Step 1:
Parsing the source code
and building the object hierarchy

First, the entire source code is parsed and broken-down into objects. Then, an object model tree is built dynamically from the lowest-level representation of the input using the contextual patterns from the Parsaur definition library.

The Parsaur logic is built on the lowest element, a primitive byte object, so we have complete flexibility in adding new context-aware patterns and can support complex requirements. In short, this means that we have defined what a letter is, for example, what “s” or “S” is. And based on that we have defined various constructs, such as “SET” or “SELECT”, and the whole hierarchy of objects, starting from the one that knows that SELECT is a command, to the final “Query” object that possesses the logic of a SELECT statement.

The Parsaur library and transformation engine are separate, so data engineers can easily extend the content with new patterns. The library has a graphical view of the definitions and is managed by using the high-level meta-language MorphQL. Since the entire definition library is in a global GIT repository, best practices can be shared between projects.

Step 2:
Transforming the parsed structure

Since the context is embedded in the object model tree, any source object can be easily transformed into any target language and syntax using the conversion rules from the Parsaur translation library. The same high-level markup language MorphQL is used to define the conversion rules. Again, to give data engineers the ability to easily extend the rules, as there is a part of the code in each project that is a bit different and more complex.

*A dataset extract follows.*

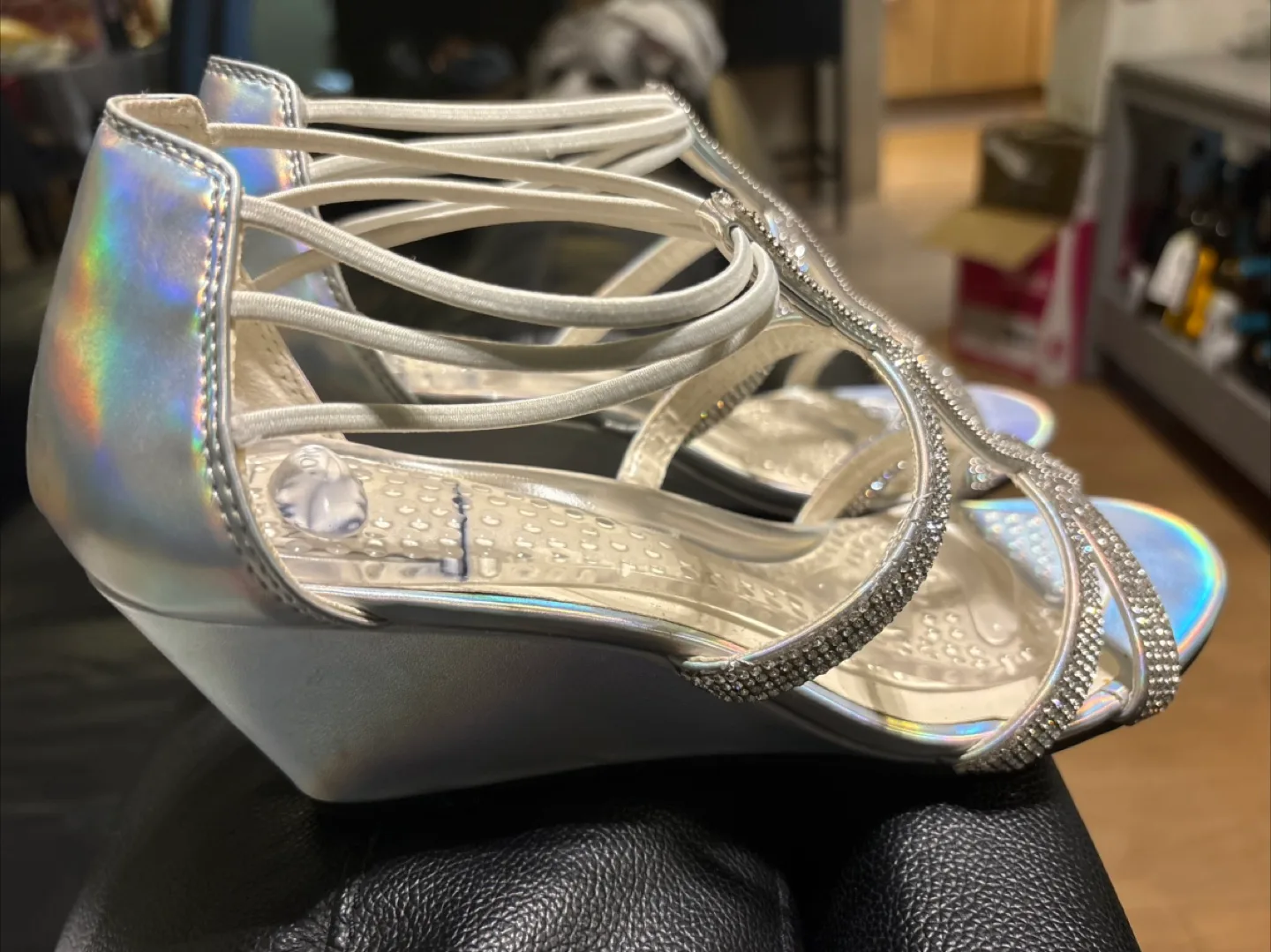 Wedding Silver Rhinestone Sandals Size 8.5 image indicator(2)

The conversion rules can be as simple as converting the data type in the SQL DLL statement from Microsoft BIT to Oracle NUMBER(1) or removing parts of the code that are no longer needed (e.g., the distribution key from the Netezza DDL statement) to more complex contextual modifications, such as converting the Netezza stored procedure to the Snowflake stored procedure or creating a completely different structured output code in the case of the Oracle UPDATE capability.